Playwright Branden Jacobs-Jenkins takes the bones of early Irish playwright/impresario Dion Boucicault’s hugely popular 1859 melodrama, The Octoroon, to create a riveting meditation on slavery and on black voices in the theatre. (As an aside this immediately puts the lie to the idea of American drama only really getting going in the C20 – there was clearly vibrant theatre in the C19 – it just might not be palatable to modern audiences).

It starts with lead actor Ken Nwosu (last seen by me as a laconic Face in the RSC’s tip top Alchemist) ambling on in his undies ostensibly as the “black” playwright BJJ to explain why he came to write the play and what he wanted to say. Droll and self reverential. We start to guess we are in for a treat. He then starts to “white-up” in order to play George the lead in DB’s original. He is joined by Kevin Trainor playing DB who proceeds to go “red-face”. The assistant to BJJ played by Alistair Toovey then also “blacks up” to play two different slaves, Pete and Paul, on George’s soon-to-be inherited plantation.

All the female characters, in contrast, are played by “colour-appropriate” actors – I don’t know how else to say that. Emmanuella Cole and Vivian Oparah play Dido and Minnie, house slaves in George’s inheritance plantation, though their sass is entirely contemporary. Iola Evans is Zoe, the Octoroon of the title whose father I think was George’s uncle, and who is one-eighth black. This means that George cannot marry her. Celeste Dodwell is Dora, a rich, white, heiress neighbour who is pursuing George. Cassie Clare plays Grace, a pregnant slave and Br’er Rabbit (I am still not entirely sure why). Oh and lest I forget, Ken Nwsosu also plays M’Closky the evil neighbour (and former overseer on the plantation) who tries to secure George’s land and slaves on the death of his aunt.

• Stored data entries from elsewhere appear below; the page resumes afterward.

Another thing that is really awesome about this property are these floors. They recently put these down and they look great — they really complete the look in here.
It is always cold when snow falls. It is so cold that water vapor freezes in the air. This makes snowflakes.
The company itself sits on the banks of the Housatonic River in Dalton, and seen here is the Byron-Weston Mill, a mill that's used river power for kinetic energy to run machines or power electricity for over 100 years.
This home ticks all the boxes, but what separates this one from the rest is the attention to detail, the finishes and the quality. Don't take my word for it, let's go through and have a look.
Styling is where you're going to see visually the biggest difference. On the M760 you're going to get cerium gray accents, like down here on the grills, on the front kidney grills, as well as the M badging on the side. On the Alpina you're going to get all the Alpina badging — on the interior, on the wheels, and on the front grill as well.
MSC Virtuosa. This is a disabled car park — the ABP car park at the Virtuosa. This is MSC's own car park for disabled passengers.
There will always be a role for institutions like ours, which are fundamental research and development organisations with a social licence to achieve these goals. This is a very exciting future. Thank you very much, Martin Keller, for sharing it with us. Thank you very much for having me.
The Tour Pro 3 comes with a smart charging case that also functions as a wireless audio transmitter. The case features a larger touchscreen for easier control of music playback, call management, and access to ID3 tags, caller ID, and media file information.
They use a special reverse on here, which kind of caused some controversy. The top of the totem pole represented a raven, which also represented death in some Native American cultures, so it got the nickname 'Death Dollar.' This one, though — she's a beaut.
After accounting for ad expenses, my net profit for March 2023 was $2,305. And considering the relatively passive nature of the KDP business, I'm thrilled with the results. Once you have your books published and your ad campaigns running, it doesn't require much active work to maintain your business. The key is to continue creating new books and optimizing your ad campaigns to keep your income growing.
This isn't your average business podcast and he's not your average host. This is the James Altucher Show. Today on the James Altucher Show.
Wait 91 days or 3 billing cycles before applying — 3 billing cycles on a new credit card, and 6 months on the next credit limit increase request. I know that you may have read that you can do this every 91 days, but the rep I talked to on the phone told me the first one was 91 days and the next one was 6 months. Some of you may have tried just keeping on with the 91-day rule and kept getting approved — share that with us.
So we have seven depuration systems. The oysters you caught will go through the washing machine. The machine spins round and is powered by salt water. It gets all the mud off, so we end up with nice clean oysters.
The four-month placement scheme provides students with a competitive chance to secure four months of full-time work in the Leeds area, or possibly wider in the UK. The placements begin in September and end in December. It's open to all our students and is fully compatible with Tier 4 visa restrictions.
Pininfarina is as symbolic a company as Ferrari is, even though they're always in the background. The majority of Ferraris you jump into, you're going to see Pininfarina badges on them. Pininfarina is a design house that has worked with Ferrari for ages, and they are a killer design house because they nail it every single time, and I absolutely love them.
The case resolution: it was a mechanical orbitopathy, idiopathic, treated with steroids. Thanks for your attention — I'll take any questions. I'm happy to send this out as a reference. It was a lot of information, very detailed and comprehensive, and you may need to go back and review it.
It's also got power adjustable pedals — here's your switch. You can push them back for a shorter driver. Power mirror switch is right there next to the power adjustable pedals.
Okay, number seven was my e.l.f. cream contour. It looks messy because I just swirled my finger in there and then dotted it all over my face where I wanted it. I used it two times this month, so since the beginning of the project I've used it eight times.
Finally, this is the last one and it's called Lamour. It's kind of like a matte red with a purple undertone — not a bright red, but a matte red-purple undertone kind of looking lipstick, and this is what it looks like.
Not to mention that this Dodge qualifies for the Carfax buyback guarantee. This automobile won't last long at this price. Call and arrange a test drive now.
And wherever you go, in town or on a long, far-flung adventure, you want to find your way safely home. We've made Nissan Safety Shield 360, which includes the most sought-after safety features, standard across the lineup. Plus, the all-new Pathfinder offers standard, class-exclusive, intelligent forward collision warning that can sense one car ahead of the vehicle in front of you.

All clear? It will be. The plot of DB’s play revolves around a mortgage foreclosure and an intercepted letter and sees the villain M’Closky’s dastardly deeds undone with the help of cutting edge technology (for the 1850’s), to whit, a camera. It is, despite its material, a rollickingly good tale by itself which BJJ plainly recognises. It both uncomfortably wallows in the conventions of its time and the subject of its setting, but also partially unpicks those mores. With BJJ himself then subverting and critiquing DB’s play and by implication the nature of racial stereotyping, whilst getting plenty of laughs along the way, it is unlike anything you will ever see. There is all manner of deconstruction going on – quite literally at one point as the stage is pulled to pieces. A lot of references passed me by but there was enough to feast on despite this.

I know this sounds preposterously oblique but the whole mash-up put me in mind of the work of artist Robert Rauschenberg who also created funny and insightful works from stuff he “found”. BJJ shows a similar fierce intelligence and delight in unsettling his audience. This is play as well as a play. You will be properly entertained in a broad Vaudevillian way but simultaneously made to squirm and therefore think long and hard about race and the theatre’s depiction of race.

Highly recommended. Another hit for the ever inventive Orange Tree. The cast is outstanding, director Ned Bennett pulls all the strands together, (and trust me there are many), and the solutions that designer Georgia Lowe has conjured up to deal with the limitations of the OT stage are endlessly inventive. I am now looking forward to BJJ’s next play, Gloria, which is coming up very soon at the Hampstead Theatre, though I gather it could not be more different in subject.